Jordan Curnutt, CFP®
Top producing real estate agents represent a population with a unique set of financial circumstances. According to the most recent study by the U.S. Bureau of Labor Statistics, the top 10% of real estate agents earn in excess of $178,720 annually.* Although this is a fantastic income level, it comes with the risk of uneven income streams.
In this article, we outline two big problems for top real estate income and provide a logical solution to each.

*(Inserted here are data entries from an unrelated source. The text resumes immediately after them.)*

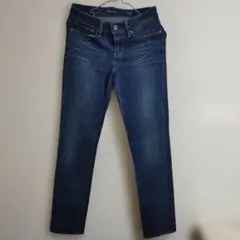 Levi's 27 Demi Curve ストレートデニム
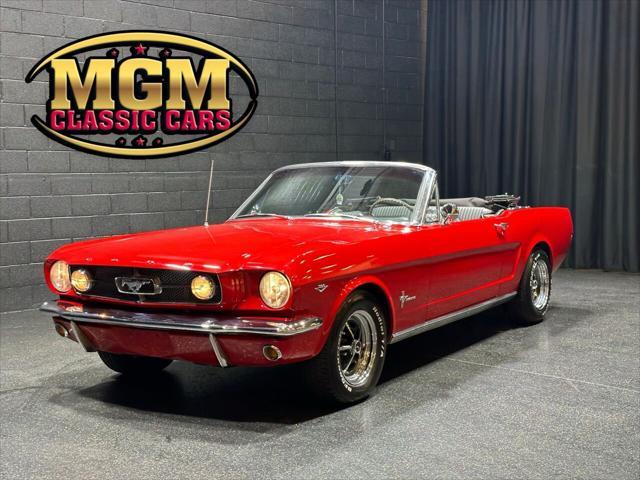 used 1965 Ford Mustang car, priced at $48,750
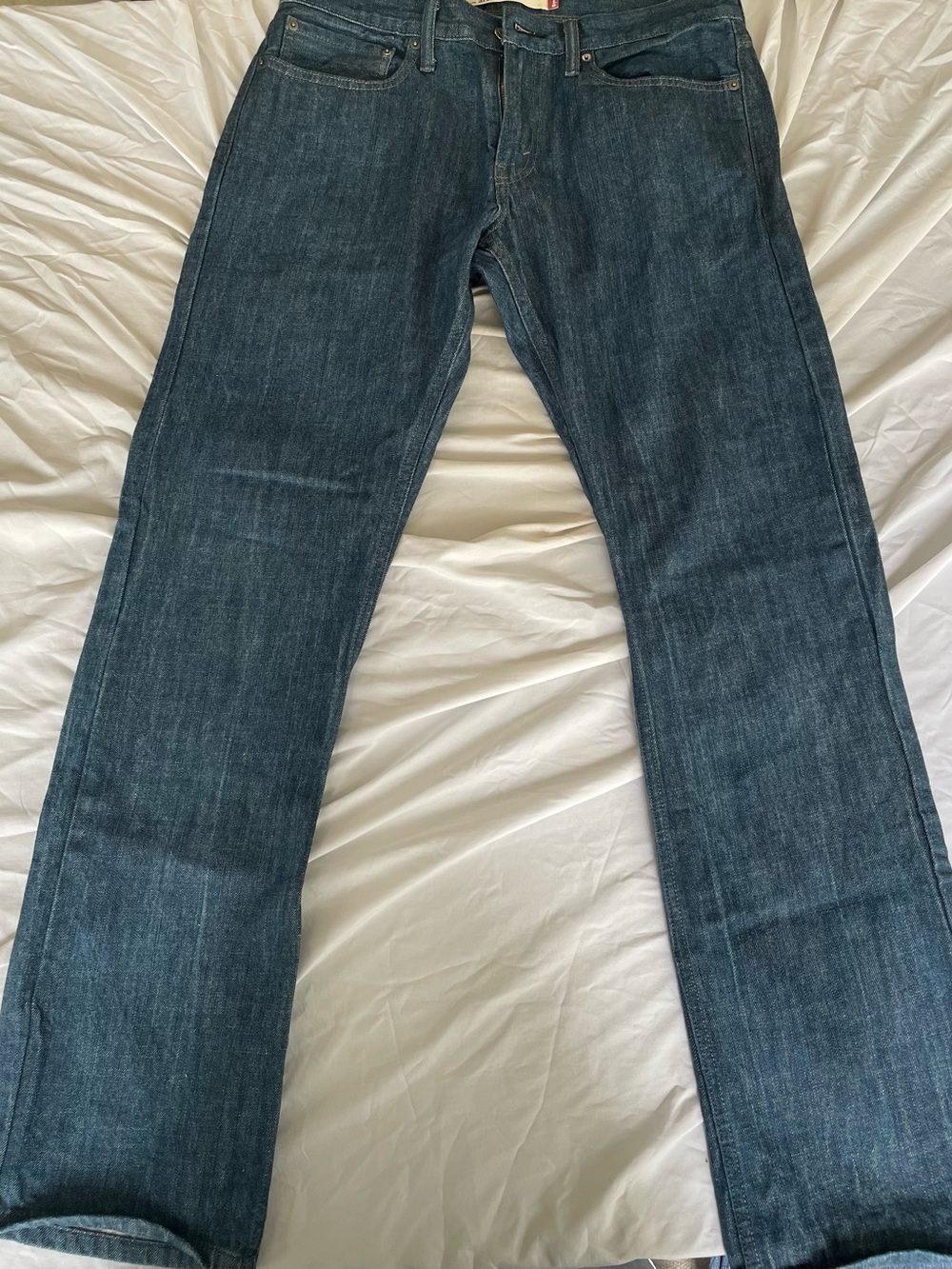 Levi's Men's Indigo Straight Jeans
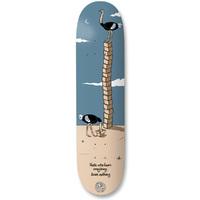 Drawing Boards Whom Skateboard Deck - 8\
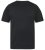 D555 Motherwell Thermal Short Sleeve T-Shirt Black - Undertøy & badetøy - Undertøy store størrelser 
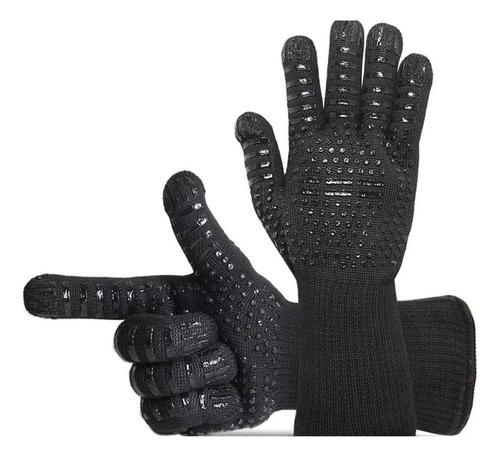 Baidai Guantes For Fuego Aptos For Horno Barbacoa O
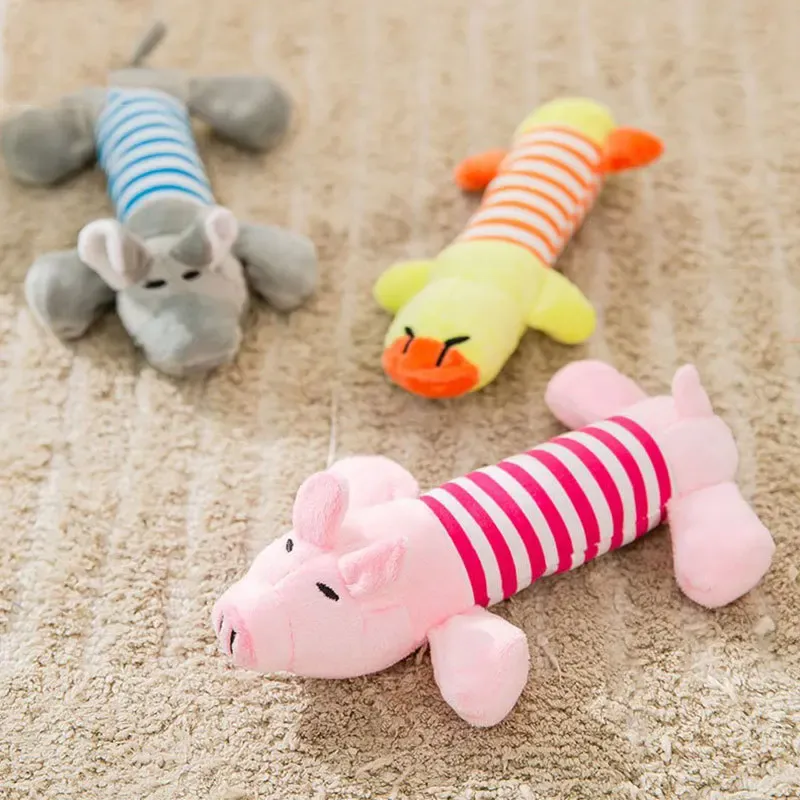 Toy Small Dogs, Cats, Plush Squeakers, Toys, Durable Fleece Cute Soft Toys For Pets, Teething Toy, Dog Accessories By PawParty Store_voghion.com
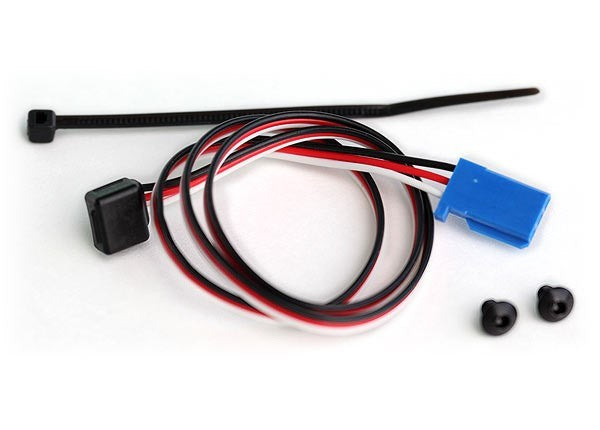 Traxxas 6520 - Sensor RPM (long)/ 3x4mm BCS (2)/ 3x4 GS (1) (7622650888429)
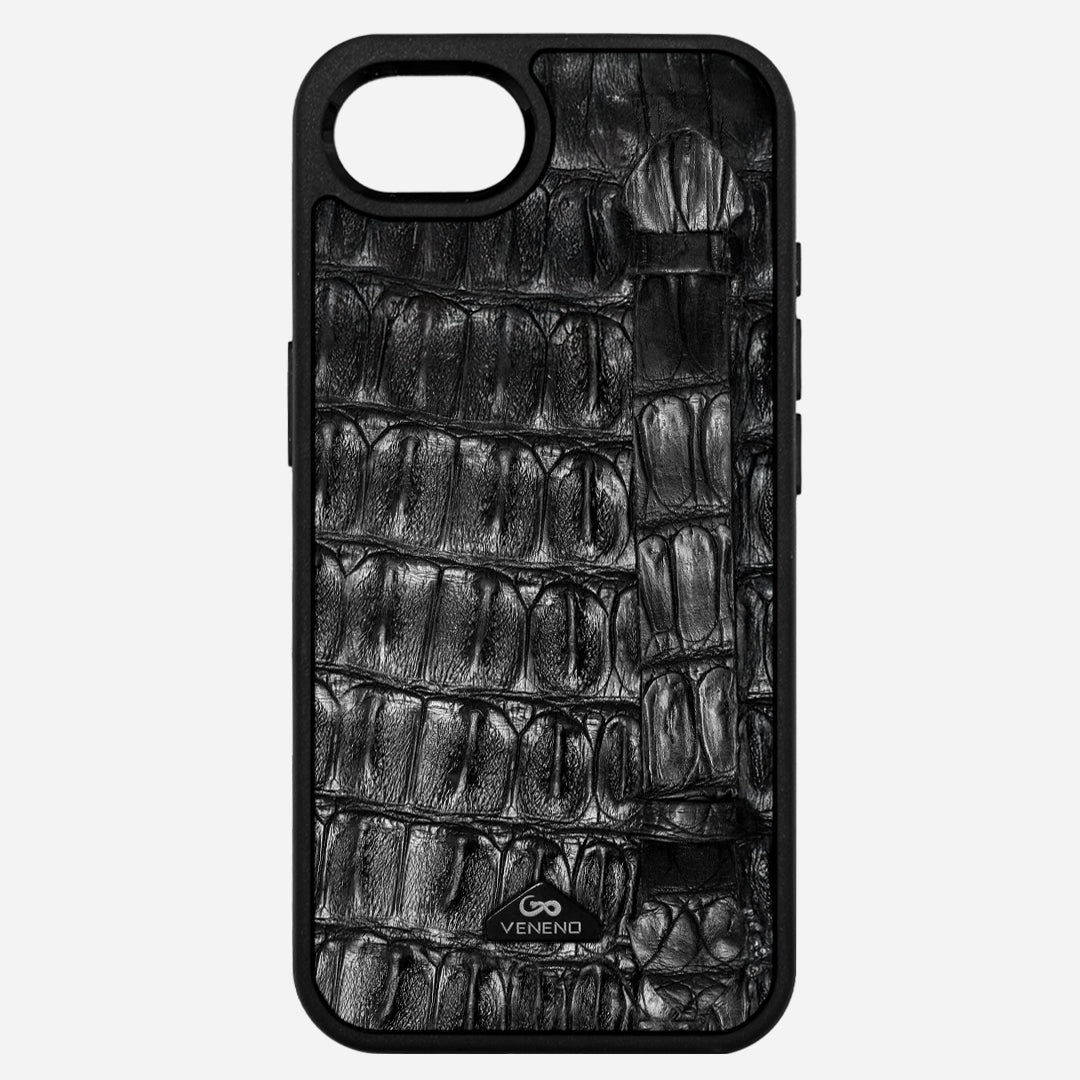 Funda iPhone 16e - StrapX Midnight Noir
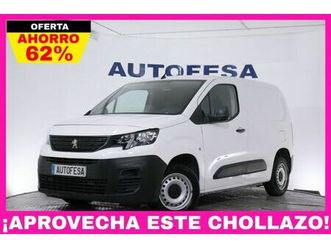 peugeot partner furgo 1.6 bluehdi 100cv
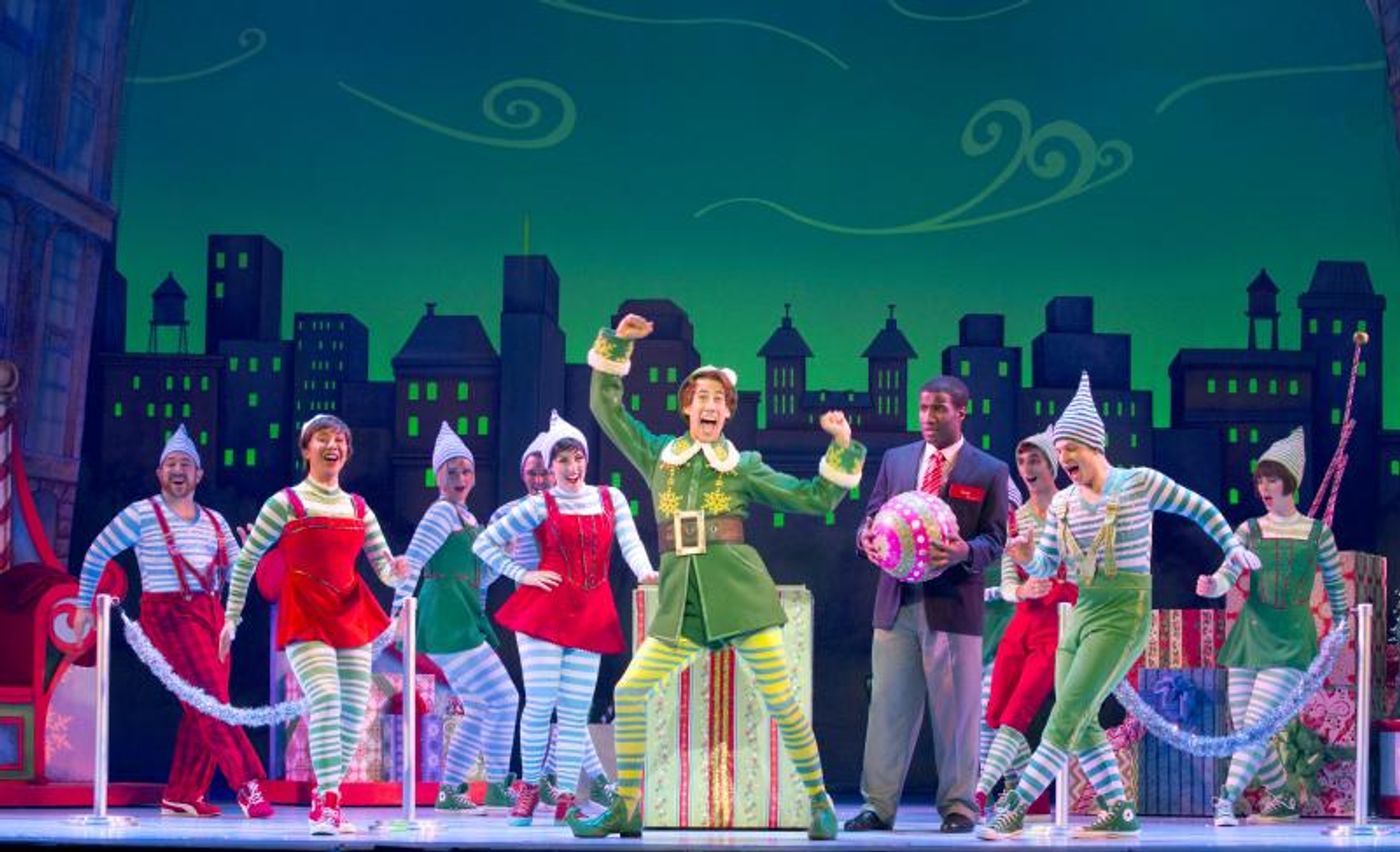 Interview: John Adkison brings Walter Hobbs to life in ELF THE MUSICAL Coming to New Orleans Tonight!  Image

Two Big Problems That Lead to Uneven Income
Big Problem #1: Seasonality
Two primary issues contribute to the fact of life that is uneven income streams for Top Producers. The first is seasonality. We already know seasonality exists, but the National Association of Realtors has supplied economic research indicating to just what extent. As of 2017, in the western United States, 71% of all residential real estate transactions have occurred during “peak season.”**
As you find out quickly after obtaining your real estate license, the checks come in only when transactions occur, leaving much of the calendar year with a lower average monthly income. And just because the checks don’t come in at the same rate as they do during peak season doesn’t mean your bills and lifestyle grind to a halt.
As a result, seasonality is the first big problem agents face with their variable income.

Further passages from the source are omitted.